Assignment — The line with "GAP Tricou model cu volane pentru copii GAP" marks where to begin; print it and all lines after it in the material below exactly, skipping pictures.

Raw data —
☆ ☆ ☆ ☆ ☆
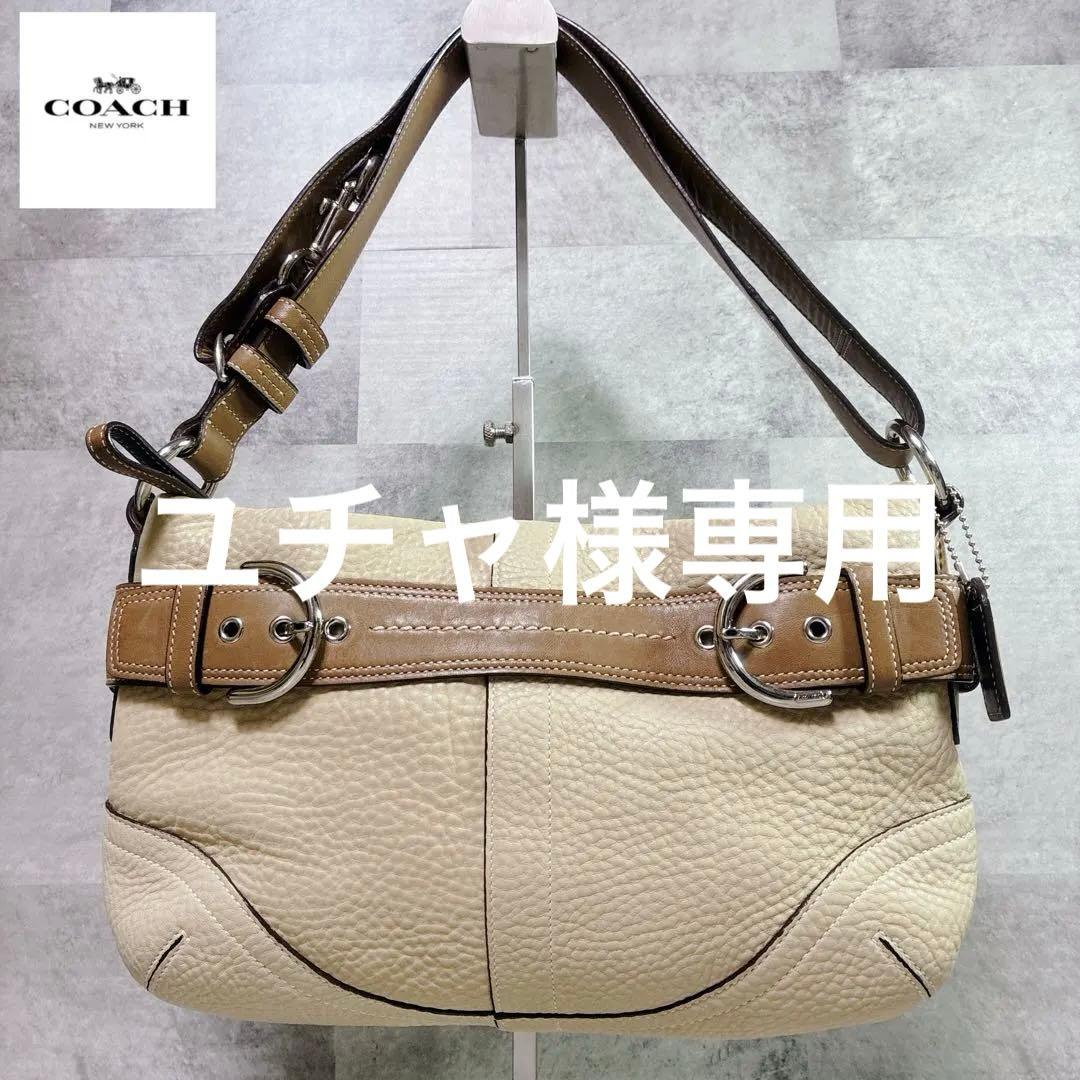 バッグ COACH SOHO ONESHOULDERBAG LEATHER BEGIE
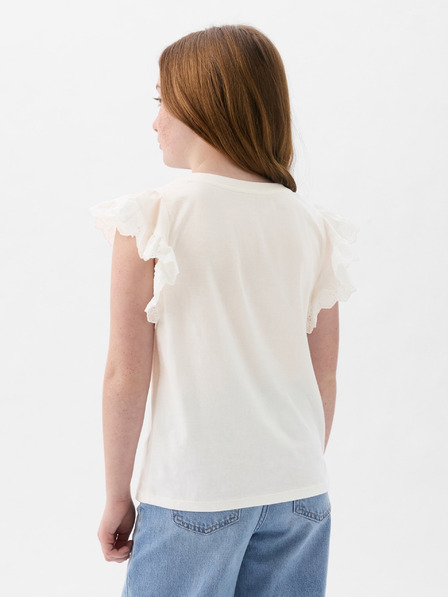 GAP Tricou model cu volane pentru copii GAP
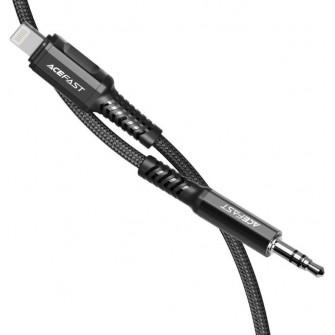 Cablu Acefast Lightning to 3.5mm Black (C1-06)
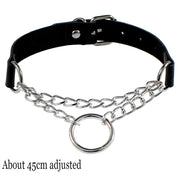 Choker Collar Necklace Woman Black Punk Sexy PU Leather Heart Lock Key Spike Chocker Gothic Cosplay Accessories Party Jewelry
☆ ☆ ☆ ☆ ☆
Answer box —
 GAP Tricou model cu volane pentru copii GAP
 Cablu Acefast Lightning to 3.5mm Black (C1-06)
 Choker Collar Necklace Woman Black Punk Sexy PU Leather Heart Lock Key Spike Chocker Gothic Cosplay Accessories Party Jewelry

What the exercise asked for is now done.